Threat Intelligence, Incident Response, TDR

More evidence of Chinese government hacking as Obama, Xi discuss cybersecurity

President Barack Obama and Chinese President Xi Jinping met for a private dinner at the White House Thursday evening amid ongoing tensions between the U.S. and China over the two nations' competing cybersecurity agendas.

Raising the anxiety level further is Xi's visit coincided with a new report pinning cyberattacks on US interests squarely on the Chinese government and that Xi this week wholeheartedly denied involvement by his government in any hacking schemes.

On Wednesday, the cybersecurity firm ThreatConnect, in partnership with Defense Group Inc., published a report linking a Chinese military staffer to an expansive government hacking operation in which government cyberspying relies on a wide network of hackers who are loosely connected through a bottom-up management approach.

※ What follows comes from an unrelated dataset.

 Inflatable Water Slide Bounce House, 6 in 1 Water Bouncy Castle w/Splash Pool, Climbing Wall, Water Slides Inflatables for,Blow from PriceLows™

In speaking to a group of U.S. and Chinese business leaders in Seattle on Tuesday, President Xi said China is a “staunch defender of cybersecurity.” He also asserted, “The Chinese government will not, in whatever form, engage in commercial thefts or encourage or support such attempts by anyone.”

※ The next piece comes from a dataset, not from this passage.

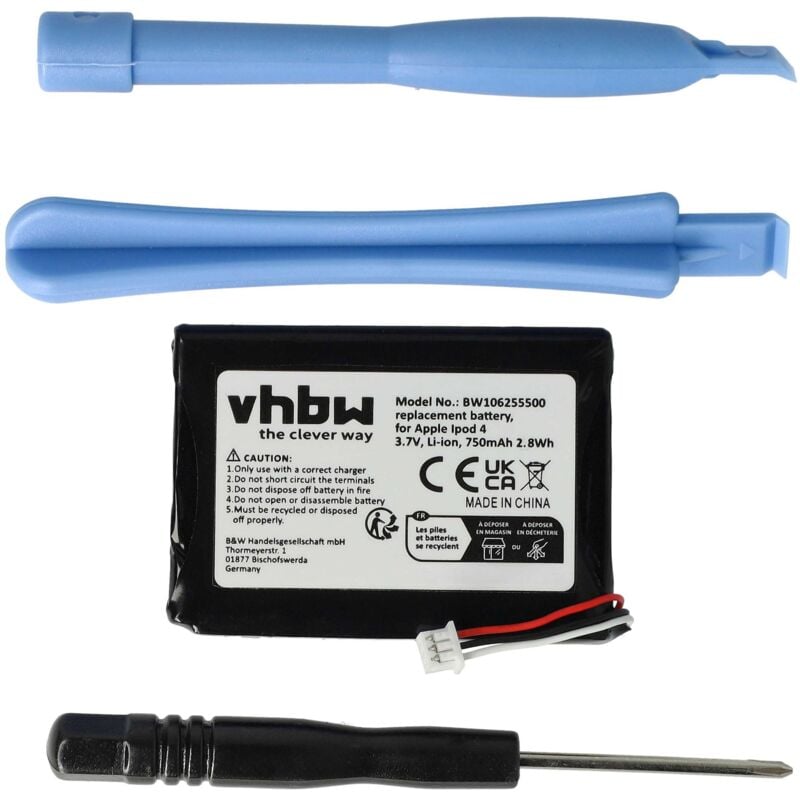 vhbw Akku kompatibel mit Apple iPod Photo 40GB M9585CH/A, 40GB M9585FE/A MP3-Player Musik Player (750 mAh, 3,7 V, Li-Ion)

These claims, while consistent with earlier statements made by the Chinese president were met with skepticism within the information security and among business leaders.

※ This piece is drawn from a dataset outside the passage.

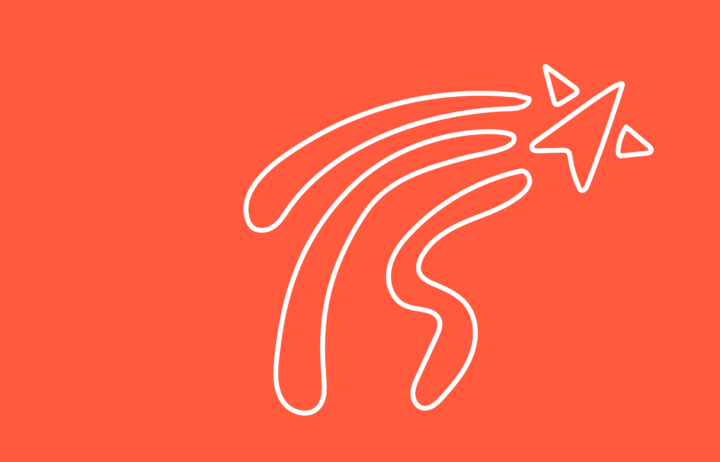 Artwork of shooting star on orange background.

The ThreatConnect-DGI report is hardly the first time that direct evidence has been found linking hacking campaigns to Chinese military groups. In June, CrowdStrike published a report noting evidence of clusters of Chinese hacking groups that are linked to members of Unit 61398 of the People's Liberation Army.

CrowdStrike co-founder George Kurtz told SCMagazine.com it is “irrefutable” that China is actively involved in hacking and corporate espionage to further their national interests. Kurtz said, "With a high degree of certainty, we were able to find a connections that link the malware, domains, and IP addresses back to the PLA with a high degree of certainty.”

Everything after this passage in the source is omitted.